Method for manufacturing high-strength sintered silicon carbide articles

The present invention relates to a method for manufacturing a high-strength sintered silicon carbide article and more particularly, to a method for a sintered silicon carbide article having high mechanical strength by mixing a finely divided silicon carbide powder with the definite amounts of a specific carbon-containing material, a boron compound and silicon powder as densification aids, shaping and then sintering said shaped article under an inert atmosphere.

A sintered silicon carbide article has excellent physical and chemical 
properties, and, in particular, has high strength and excellent corrosion 
resistance and its mechanical properties do not change even at a high 
temperature as compared with those at a normal temperature.
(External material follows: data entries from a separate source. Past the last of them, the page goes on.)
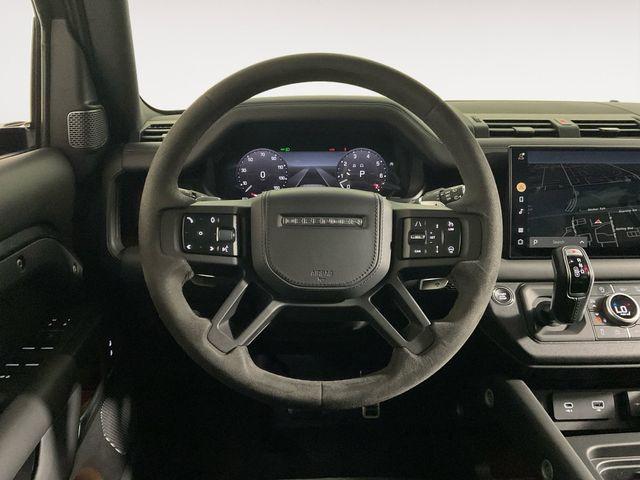 Photo of 2023 Carpathian Grey Land Rover Defender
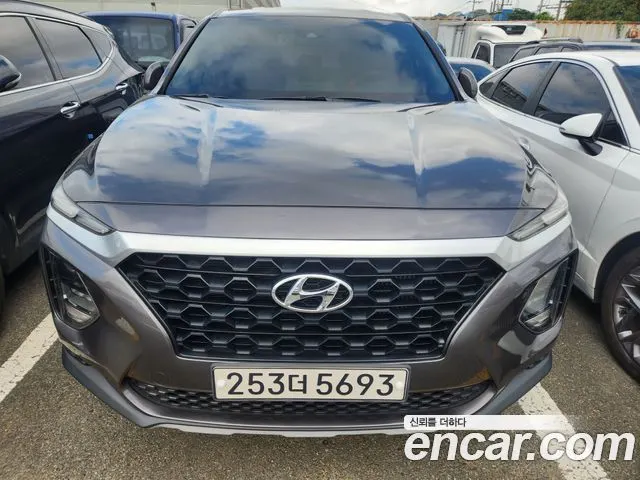 HYUNDAI SANTA FE 2019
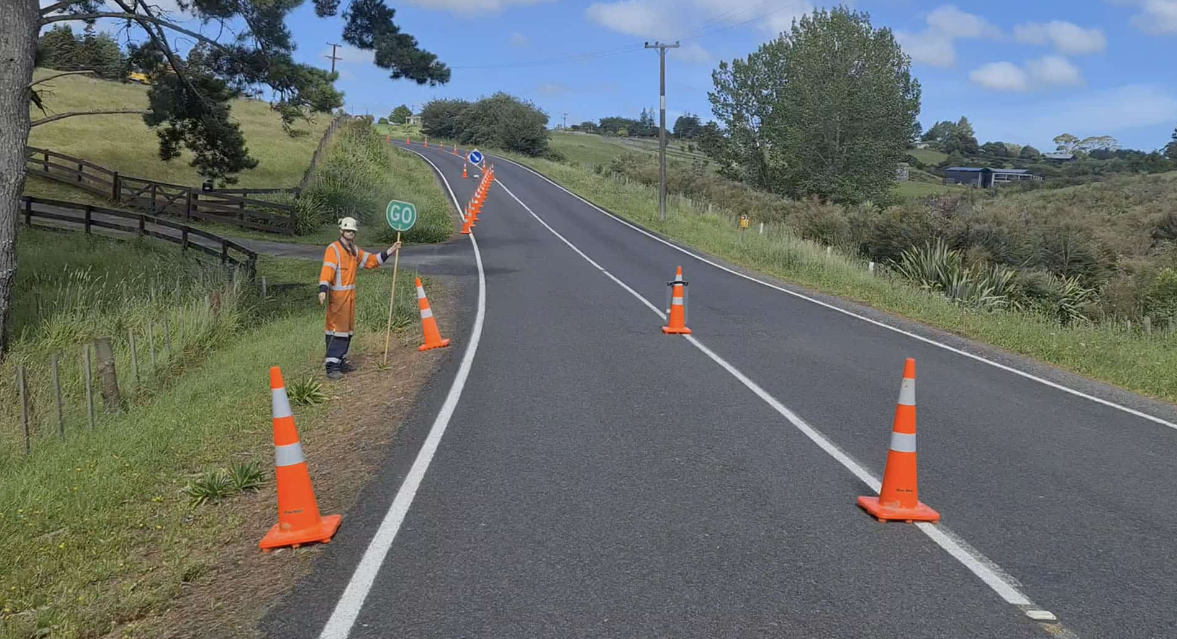  traffic management in Waikato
Therefore, a 
sintered silicon carbide has been regarded as promising as a 
wear-resistant material and as a high-temperature structural material. 
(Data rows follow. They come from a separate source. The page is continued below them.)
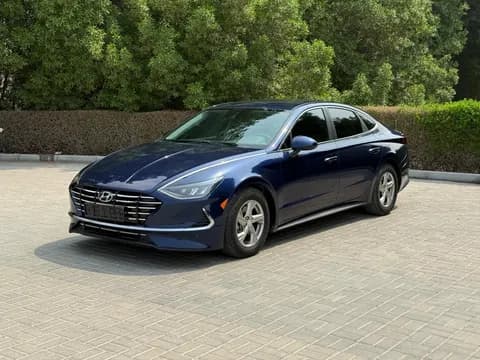 Used Hyundai Sonata 2.5L Mid 2021 Used Hyundai Sonata 2.5L Mid 2021 used_cars.forSale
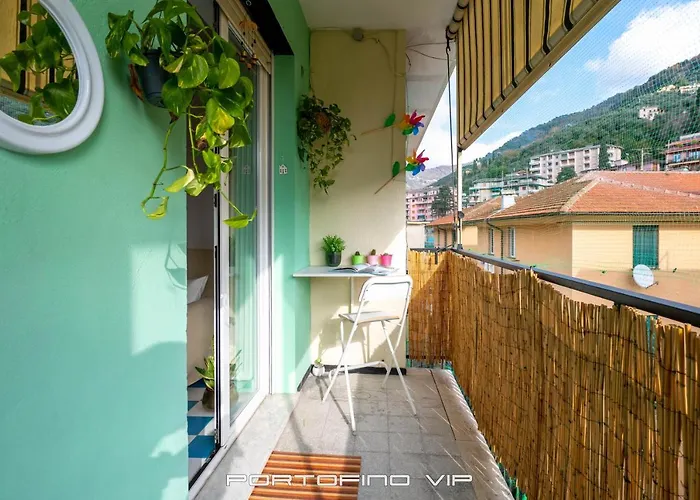 Apartamento Casa Arcobaleno By Portofinovip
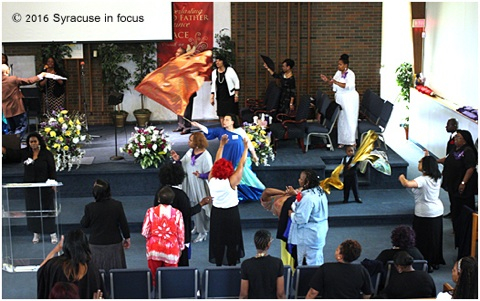 Eternal Hope Worship Church Inc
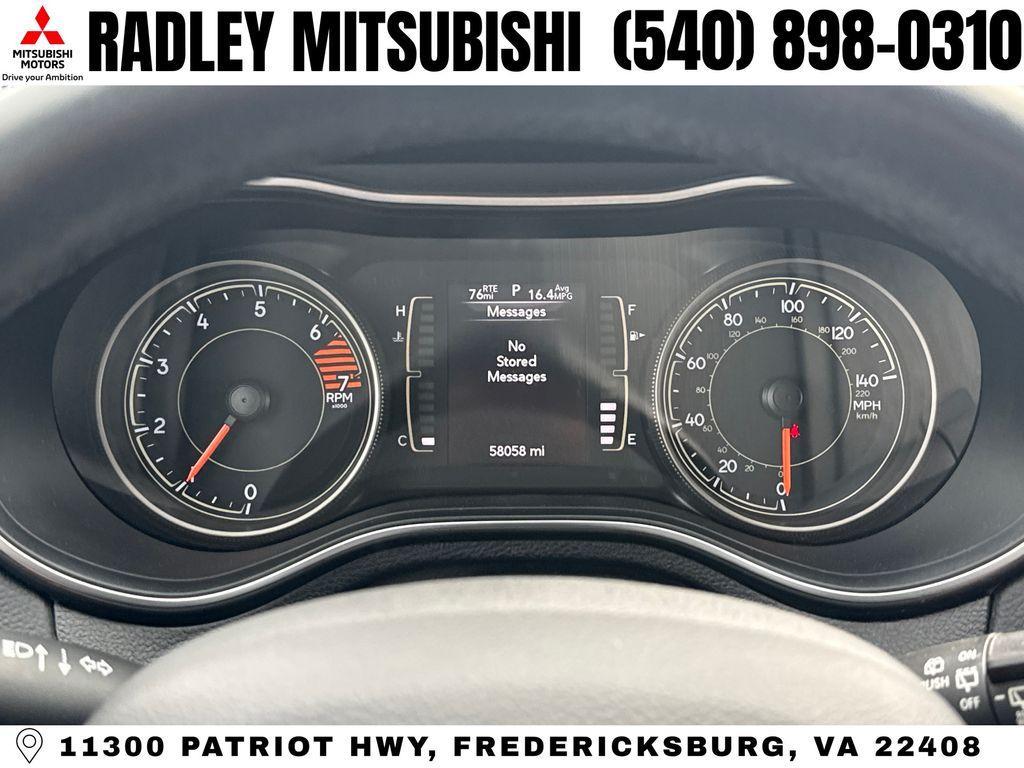 used 2019 Jeep Cherokee car, priced at $19,284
However, as it is hard to sinter, it is difficult to sinter it into a 
high-density sintered article, so that sintering by a hot press method and 
sintering by using densification aids have been proposed. 
For example, in Japanese Patent Publication No. 32035/1982, it was 
disclosed that a sintered silicon carbide article having a sintered 
density of 85% or greater of the theoretical density value is manufactured 
by sintering a homogeneous dispersion of powder particles of a size of 1 
micron or less consisting essentially of beta phase silicon carbide, a 
boron compound in an amount corresponding to 0.3-3.0% by weight of boron 
and a carbon source in an amount corresponding to 0.1-1.0% by weight of 
elemental carbon in an atmosphere chemically inert to silicon carbide at a 
temperature of from 1900.degree. to 2100.degree. C. Further, in Japanese 
Patent Laid-Open No. 148712/1976, it was disclosed that a sintered silicon 
carbide article having a sintered density of 2.40 g/cm.sup.3 or greater is 
manufactured by admixing 91-99.35 parts by weight of alpha phase silicon 
carbide powder having a specific surface area of 1-100 m.sup.2 /g with 
0.67-20 parts by weight of a carbonizable, organic solvent-soluble organic 
material having a carbonization ratio of 25-75% by weight, a definite 
amount of a boron compound containing 0.15-3.0 parts by weight of boron 
component and 5-15 parts by weight of a temporary binding agent which is 
consumed under a sintering condition, and then sintering the resulting 
mixture. However, although a sintered silicon carbide article having high 
sintered density is obtained by the said method, the mechanical strength 
of the sintered article is not always satisfactory and, for example, a 
sintered silicon carbide article having a bending strength exceeding 50 
kg/mm.sup.2 could not be obtained by the known methods. The present 
inventors studied previously on the effect of boron and carbon as 
densification aids on mechanical properties of sintered silicon carbide 
articles and found that a high-strength sintered silicon carbide article 
could be manufactured by adding coal tar pitch or oil tar pitch in such an 
amount as to provide 4.2-6 parts by weight of carbon after being 
carbonized and a boron compound in such an amount corresponding to 
0.03-0.15 parts by weight of boron content as densification aids to 100 
parts by weight of a finely divided silicon carbide powder and mixing, 
shaping the resulting mixture, and then sintering the shaped article. 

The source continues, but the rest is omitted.